Le président suppléant: Quand on arrive à Banff en venant de Calgary, on passe à côté de l'erreur la plus horrible, la plus dégoûtante, la plus révoltante que notre pays ait jamais commise.

Monsieur Lee, avez-vous expliqué au comité quels seront les autres processus et les autres options dont le Parlement disposera après que ce projet de loi aura été adopté et que Parcs Canada aura déterminé qu'il faut créer une aire de conservation?

M. Lee: Non, mais je peux le faire brièvement, si vous voulez.

Le président suppléant: Les membres du comité aimeraient-ils savoir comment les choses se passeraient, rapidement?

M. Lee: Ce que je vous ai décrit, c'est le genre de consultations publiques et d'études de faisabilité qui débouchent sur une décision selon laquelle les gens disent, soit «oui, je veux une aire de conservation», soit «non, je n'en veux pas». Supposons qu'au cours des consultations locales, les gens décident qu'ils en veulent une. Il y a un certain nombre de choses qui doivent se produire à ce moment-là.

Premièrement, il doit y avoir un accord fédéral-provincial s'il y a une province en cause. Cet accord doit être approuvé par le conseil des ministres de chacun des gouvernements concernés.

Ensuite, il y a un débat au Parlement au sujet de la création de l'aire de conservation. Le projet de loi prévoit un certain nombre de choses à cet égard, notamment le dépôt à la Chambre d'un rapport sur l'aire proposée. Ce rapport doit inclure de l'information sur les consultations, une liste d'organisations, et ainsi de suite, de même qu'un plan de gestion provisoire qui permettra aux gens de savoir comment la zone sera gérée. Il doit également faire état des «résultats de toute évaluation des ressources minérales et énergétiques».

La Chambre est saisie de tout cela pour décider si elle souhaite ou non établir l'aire de conservation proposée. Les deux chambres du Parlement peuvent déterminer si elles jugent que toutes les valeurs en jeu, au sujet de la conservation ou des ressources, ont été prises en considération, si les études sont satisfaisantes, et ainsi de suite.

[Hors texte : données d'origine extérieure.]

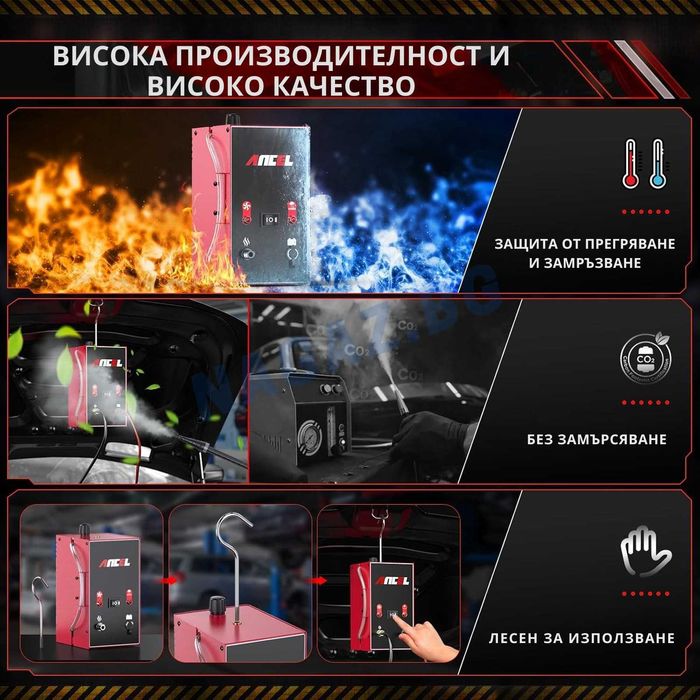 Машина за пушек / ДимоГенератор /ANCEL S160/ Диагностика На Автомобили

Elles mettent ensuite la question aux voix et décident s'il y a lieu de créer l'aire de conservation ou non.

Ces documents — qui prouvent que nous avons tenu des consultations publiques approfondies et satisfaisantes — seront soumis aux deux Chambres. Vous aurez la preuve que nous avons bien évalué les ressources, qu'il s'agisse de ressources minières ou gazières, d'espèces fauniques ou de pêche.

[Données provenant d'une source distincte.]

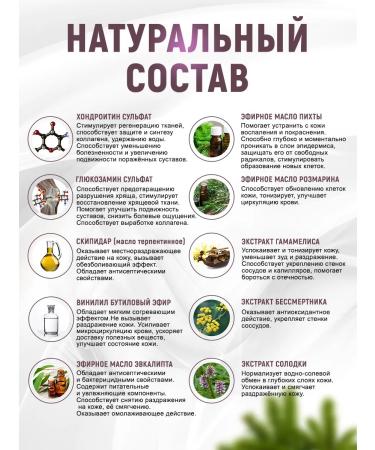 Sibbalance Anesthetic ointment for joints cream gel for muscle jargel - Buy Online on GoSupps.com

Et vous recevrez des recommandations sur la gestion de l'aire de conservation dans un plan de gestion provisoire.

Le président suppléant: Que se passerait-il si un comité de la Chambre haute ou de la Chambre basse s'opposait à la création d'une aire marine de conservation et que la Chambre accepte sa recommandation?

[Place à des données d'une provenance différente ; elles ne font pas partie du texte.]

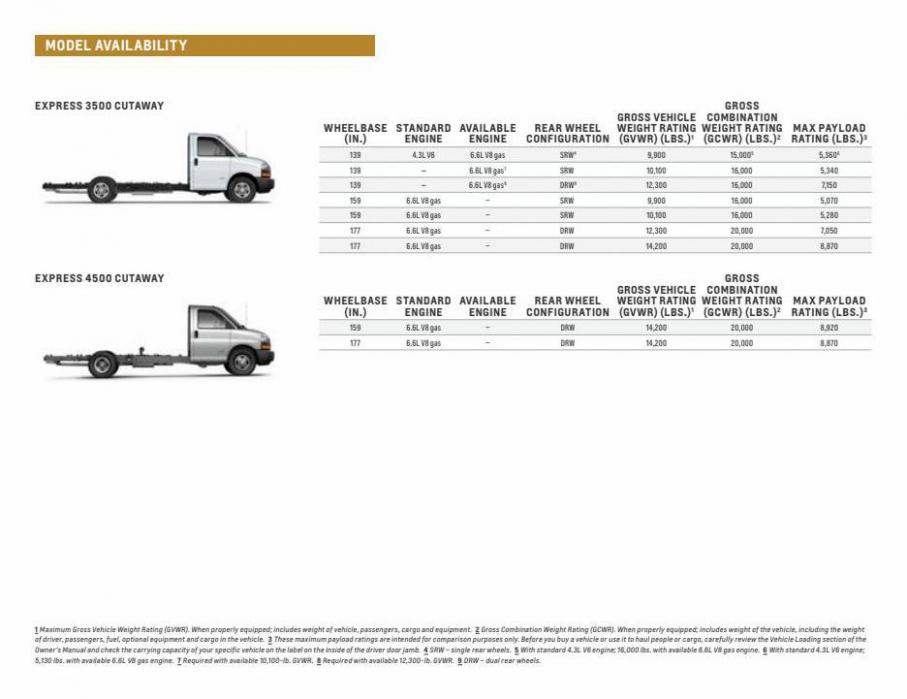 Chevrolet Express Cutaway 2022. Page 4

Mme Susan Katz, directrice, Législation et politique, Agence Parcs Canada, Patrimoine Canadien: Dans ce cas, monsieur le président, l'aire ne serait pas créée.

Le sénateur Christensen: Vous avez dit que vous vous intéressez à 3 p. 100 des trois océans pour la création de parcs marins.

M. Lee: Oui, 3 p. 100 des océans et des Grands Lacs.

Le sénateur Christensen: Quel est le critère que vous retenez lors de cette première étape pour la définition d'une aire? Dans les parcs nationaux, ce qui nous intéresse, ce sont les écosystèmes, les espèces florales et fauniques spéciales, alors que vous proposez que la pêche et les autres activités continuent dans les parcs marins. Quel est le critère qui permet de sélectionner un endroit lors de la première étape et de prendre ensuite les mesures qui s'imposent?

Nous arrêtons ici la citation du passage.